Well Hello: https://cloudplatform.googleblog.com/2018/05/Open-sourcing-gVisor-a-sandboxed-container-runtime.html

lox commented 6 years ago

Started work on an alternative to passing an Agent Access Token to jobs in https://github.com/buildkite/agent/pull/759.

lox commented 6 years ago

Agent v3.1.2 has an experiment in it for passing a socket to builds vs $BUILDKITE_AGENT_ACCESS_TOKEN, we're hoping this will become a standard feature in the agent soon!

KevinGrandon commented 6 years ago

This is mentioned in the other bug thread, but if you haven't seen this little tool, it's a great starting place for secure open source contributions. I highly recommend it for the time being. https://github.com/mvines/ci-gate

petemounce commented 6 years ago

Oh, excellent.

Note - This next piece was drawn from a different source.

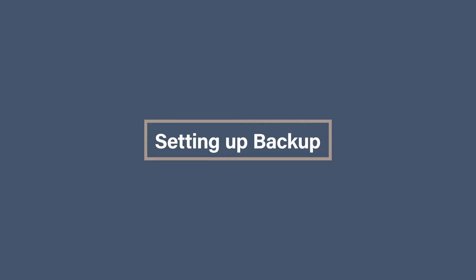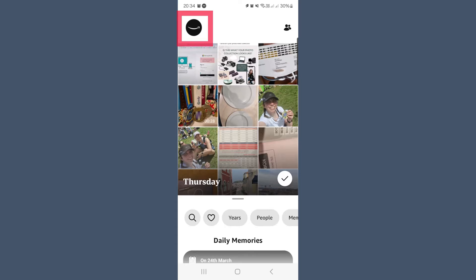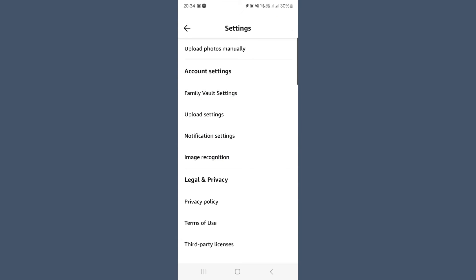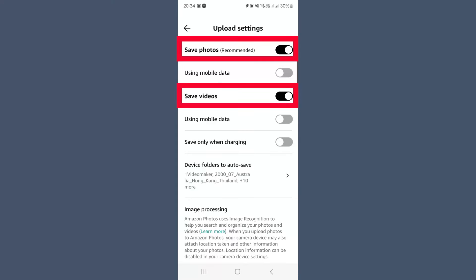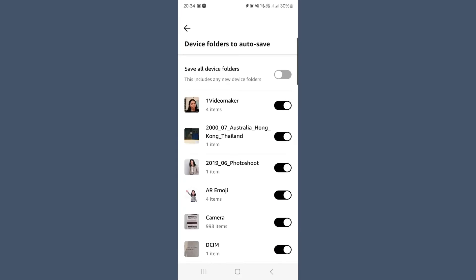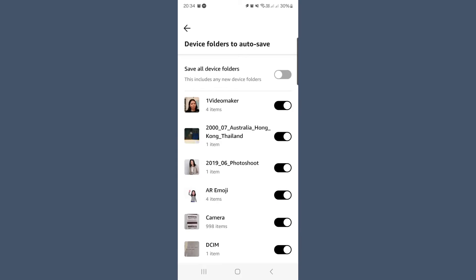Setting up backup: go to the Amazon smile icon in the top left, select the settings cog in the top right, and then go to upload settings. Make sure you toggle on save photos and save videos. If you're on an Android phone, you can actually select specific folders to upload and those that you don't want to be uploaded.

We'd been intending to write a plugin for the Kubernetes' team's workflow automator, prow (https://prow.k8s.io/plugins) if one didn't already exist. Basically, /ok-to-test from a trusted contributor.

petemounce commented 5 years ago

https://diogomonica.com/2017/03/27/why-you-shouldnt-use-env-variables-for-secret-data/ is a good-sounding writeup of why to not use environment variables for secrets.

lox commented 5 years ago

Yup, completely agree with that @petemounce!

petemounce commented 5 years ago

Highly relevant: https://edoverflow.com/2019/ci-knew-there-would-be-bugs-here/

petemounce commented 2 years ago

Similarly relevant: https://research.nccgroup.com/2022/01/13/10-real-world-stories-of-how-weve-compromised-ci-cd-pipelines/